Hello all, I have two aspects in mind.
A) Imagine the artist has a lot of shapes on the canvas. He wants to devise a new color-scheme. I intend that the artist should be able to select more than one shape simultaneously and their co-ordinates appear as draggable nodes on the color wheel. Now the artists can drag a single node ( a small round knob) on the color wheel for a particular shape and decide what looks best. This is an interactive way of coloring your work and is very user-friendly or rather artist friendly.
B) In another mode of the 'Recolor Artwork' tool, we can fix a primary color and then assign secondary color's to it.

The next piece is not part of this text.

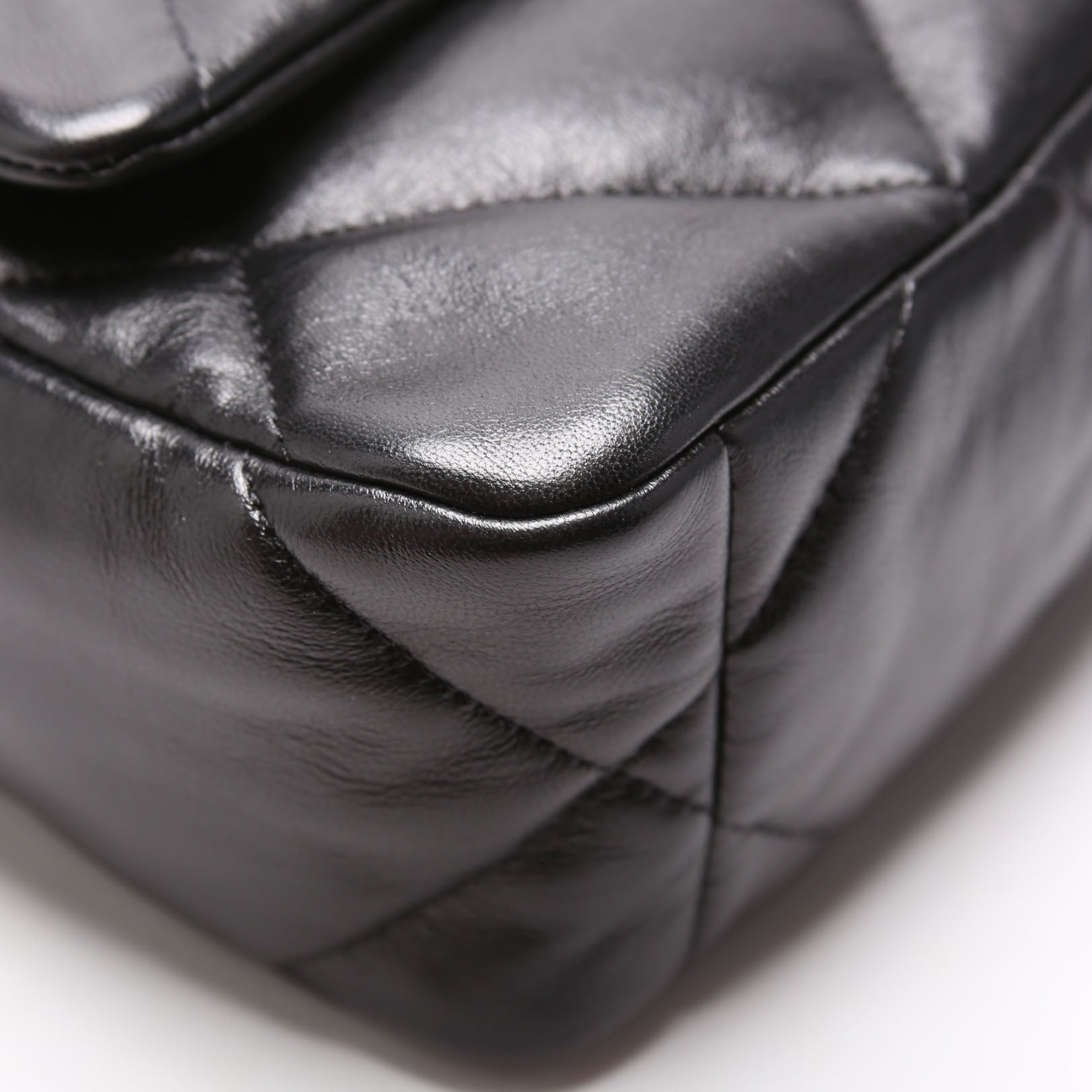 Quilted Lambskin 19 Small Flap RFID Black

So now, we 'LOCK' the relationships b/w the the primary colors, and when we rotate the primary color node, the whole color scheme changes.

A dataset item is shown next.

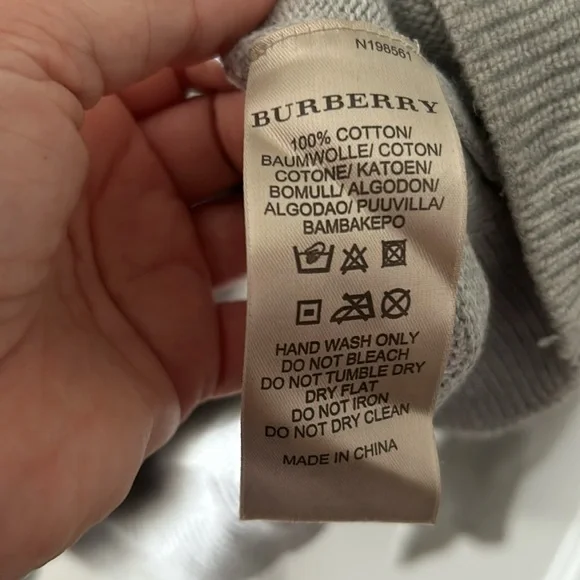 Burberry Brit sweater size M ( not sure if M or W)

Also, I shall be as honest as I can be, at the present moment as I write this reply, I do not have a clear understanding of how SVG would/does implement Color Schemes. Same goes for the debate about whether using CSS based styles or SVG based. Given that GSoC is intended to learn and grow as a developer, I assure you that I am more than ready to learn about these technologies. It would really help if you guys could point out a reading source , though general Google searches would also do the trick, in my view. Also, whether I'm informed enough to be a part of the decision to use SVG or CSS to implement the tool archtecture right now , I am not sure of. Please guide accordingly. Thankyou.
-Arshdeep Singh
On Thu, Apr 18, 2013 at 11:48 AM, Josh Andler <scislac@...400...> wrote:
On Apr 17, 2013 9:55 PM, "Tavmjong Bah" <tavmjong@...8...> wrote:
On Wed, 2013-04-17 at 17:31 -0400, Martin Owens wrote:
On Wed, 2013-04-17 at 21:13 +0200, Tavmjong Bah wrote:
How are you going to handle keeping track of all the colors? Inkscape currently has the ability to use named colors via using one-stop gradients. SVG2 has a "solidColor" element which can be used for the same purpose. I would like to see the one-stop gradients replaced by the solidColor element internally. Then at the saving stage convert solidColor elements to one-stop gradient elements if targeting SVG 1.1. (This will simplify some internal code.)

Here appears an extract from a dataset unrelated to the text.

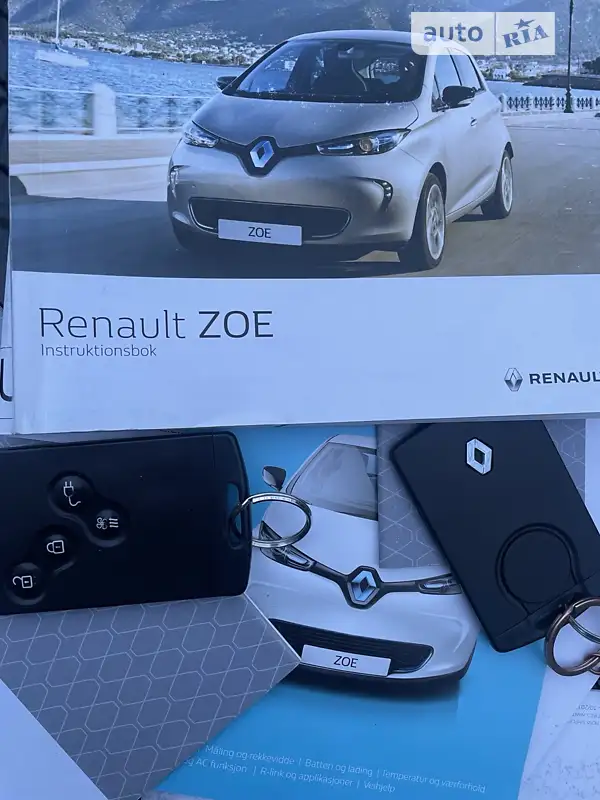 Хэтчбек Renault Zoe 2016 в Полтаве документ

We could use css too, not sure what the restrictions or resistance is
to
having css defined styles in inkscape. They've worked quite well in firefox for quite some years. I've used them myself.
CSS cannot handle more complicated cases, for example using the same named color for a fill and for a gradient stop.
Even the most current draft of the next spec? If that's the case, is there a reason why?
I'd love top see us use CSS more for styling, however that would really be primarily if we were linking against external CSS files or had it properly reused in the doc structure like defs (by default).